Various semi-supervised feature selection methods have been proposed recently. For example, the typical feature selection based on classifier [14] (semi-supervised support vector machine, S3VM), it uses support vector machine (SVM) to tag no label samples, and then fused the “soft” label samples for model training. Zhao and Liu [15] proposed a semi-supervised regularized feature selection framework based on spectral learning to evaluate the correlation of features. In addition, Ren et al. [16] proposed a forward semi-supervised feature selection framework based on wrapper type, which combines forward selection with wrapper type to obtain the optimal feature subset. Chen et al. [17] combined the traditional fisher-score method to obtain the global optimal feature subset by the “soft" label of unlabeled samples with label propagation technology.

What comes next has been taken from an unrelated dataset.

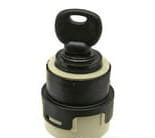 G210902020040 CONTACT CU CHEIE FENDT G210902020040, G312900020030, X830240105000, X830240108000, X830240110000, 950-84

However, the existing semi-supervised feature selection methods have some defects. First, many semi-supervised feature selection researches focus on the lowest classification error rate without considering the misclassification cost. It has assumed that different misclassifications owning the equal costs [18], which may lead the model pays attention to samples which causes high misclassification losses, resulting in biases in the features selected by the learning model. Second, some advanced semi-supervised feature selection algorithms do not consider the structural information of the paired samples in each feature dimension, which can improve the performance of feature selection [19]. In addition, researchers believe that the correlation of a single candidate features is equal to the correlation of selected features, without considering the joint correlation of a pair of features, which will regard low-relevance features as salient features. Therefore, some low-correlation features are regarded as salient features.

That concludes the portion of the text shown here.